Komprise Co-founder Krishna Subramanian on what data observability means in unstructured data management and how you can start to generate this intelligence.
In DevOps and IT circles, the word “observability” has been bandied about for the past few years. Observability is one of those hot and trendy terms which also means different things to different people. Yet the goal is generally the same: how can we observe our environment and then proactively and even automatically make fixes to things that aren’t working, are anomalous, suspicious and/or could potentially cause a disastrous outcome? Such outcomes could include a network failure, a security breach, a server reaching capacity, or in the unstructured data management world – something else entirely.
People managing unstructured data don’t often think about observability; they’re simply trying to maintain high performance file data storage systems, reliable, secure access to their data and control costs. They prefer not to hear from users (much less executives and department heads) that access time is sluggish or their data seems to be somehow “missing.” A data observability practice can aid those goals and protect data for long-term needs.
In this Q&A, Komprise COO Krishna Subramanian talks about what data observability means in unstructured data management and how you can start to generate this intelligence.
What do we mean by unstructured data observability?

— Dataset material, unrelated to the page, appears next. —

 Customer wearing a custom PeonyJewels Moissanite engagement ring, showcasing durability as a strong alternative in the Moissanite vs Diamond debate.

Data observability is more than monitoring and alerts when it comes to unstructured data. It can provide a complete view of the files in an organization, regardless of where they are being stored, how they are being used and by whom, how fast data is growing, and any out-of-ordinary data storage and access patterns. This visibility gives organizations the means to reactively solve problems and hopefully, proactively prevent future problems from occurring. Unstructured data observability with analytics and reporting can also help increase collaboration across teams, improve planning, and help troubleshoot issues faster and more efficiently. Unstructured data observability gives insights into issues such as sensitive data being stored where it should not be. It may be useful to integrate data observability tools with IT service management software such as ServiceNow and Splunk.
What are some of those data observability metrics and findings that IT should be tracking?

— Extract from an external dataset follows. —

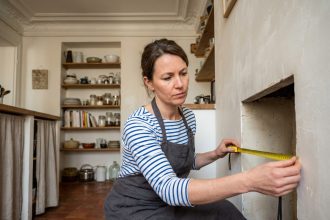 Femme mesurant une niche murale dans une cuisine ancienne d'un appartement nantais pour optimiser l'espace de rangement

This list is bound to grow with AI requirements, but here are a few points you can track on your unstructured data:
· Data growth rates
· Top file types and if they change or grow suddenly
· Top data owners and if they change or grow suddenly
· Zombie data amounts and changes
· Orphaned data amounts and changes
· Storage capacity metrics
· Data access speeds
· Percent hot data
· Percent cold data
· Percent data on source
· Percent data modified, moved, new, free and full, on storage
· Sensitive data
What emerging technology trends do you foresee shaping the future of unstructured data observability, and how can organizations leverage these trends to enhance their data monitoring and troubleshooting capabilities?
AI and data governance are two major areas that can aid unstructured data observability. AI can help by spotting anomalies and trends faster and by enriching the contextual and other information about your file and object data across hybrid cloud storage. Richer metadata can improve unstructured data observability by providing more dimensions for analytics, making it easier to spot trends, anomalies and issues. For instance, metadata tags for PII or IP can show IT if and where sensitive data is stored out of compliance.

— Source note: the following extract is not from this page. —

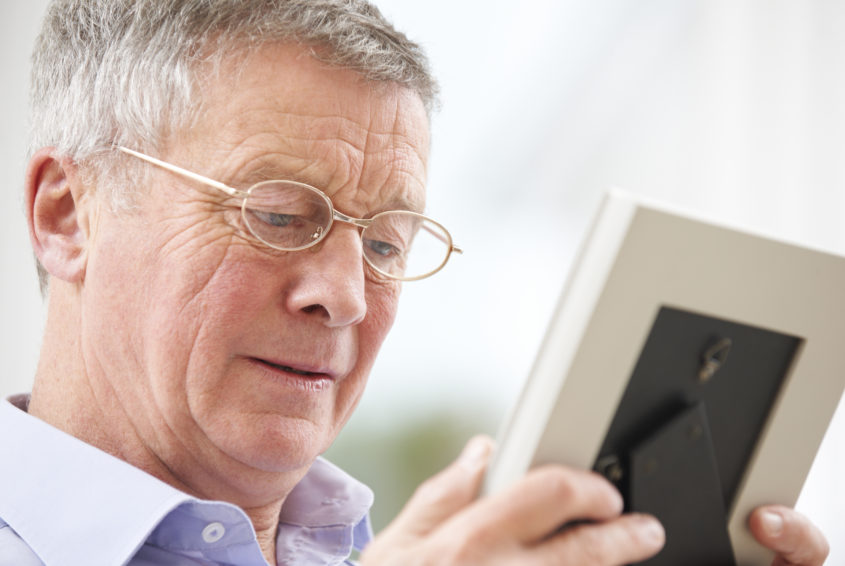 Unhappy Senior Man Looking At Photo In Frame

Unstructured data observability goes hand-in-hand with data governance programs because security vulnerabilities, unusual activity such as a large amount of deletes or a user’s personal folders spiking quickly in size can indicate a security or compliance incident. Unstructured data management solutions allow IT users to drill down into directories and file shares to investigate potential problems that have been alerted by IT monitoring and cybersecurity systems.
Does data observability help with ransomware defense?
Absolutely. With the ability to get more insights on data in storage, IT teams can make better decisions for its management, and this includes reducing the on-premises footprint of attack. For instance, if you can see that the organization has 65% of data that is “cold” and hasn’t been touched in more than two years, then it’s an easy decision to move that data to object storage in the cloud. That way, it’s out of the data center attack surface and if stored in immutable object storage, it’s further protected as ransomware actors cannot modify or delete it.
What are some best practices for implementing a data observability strategy within an organization, particularly in complex environments with hybrid data pipelines and diverse data sources?
Many organizations say data observability is a modern moniker for data monitoring. If instead, they viewed unstructured data observability as a broader topic encompassing data analytics and reporting that feed into actionable unstructured data management, then observability becomes a much richer function that can not only help resolve issues faster but also proactively grow the value of the data that is growing the fastest and costing you the most. Since data is retained for long periods of time, it makes sense that data observability goes beyond alerting and near-term reporting to focus on longer term trends which help IT proactively manage and assess the data estate.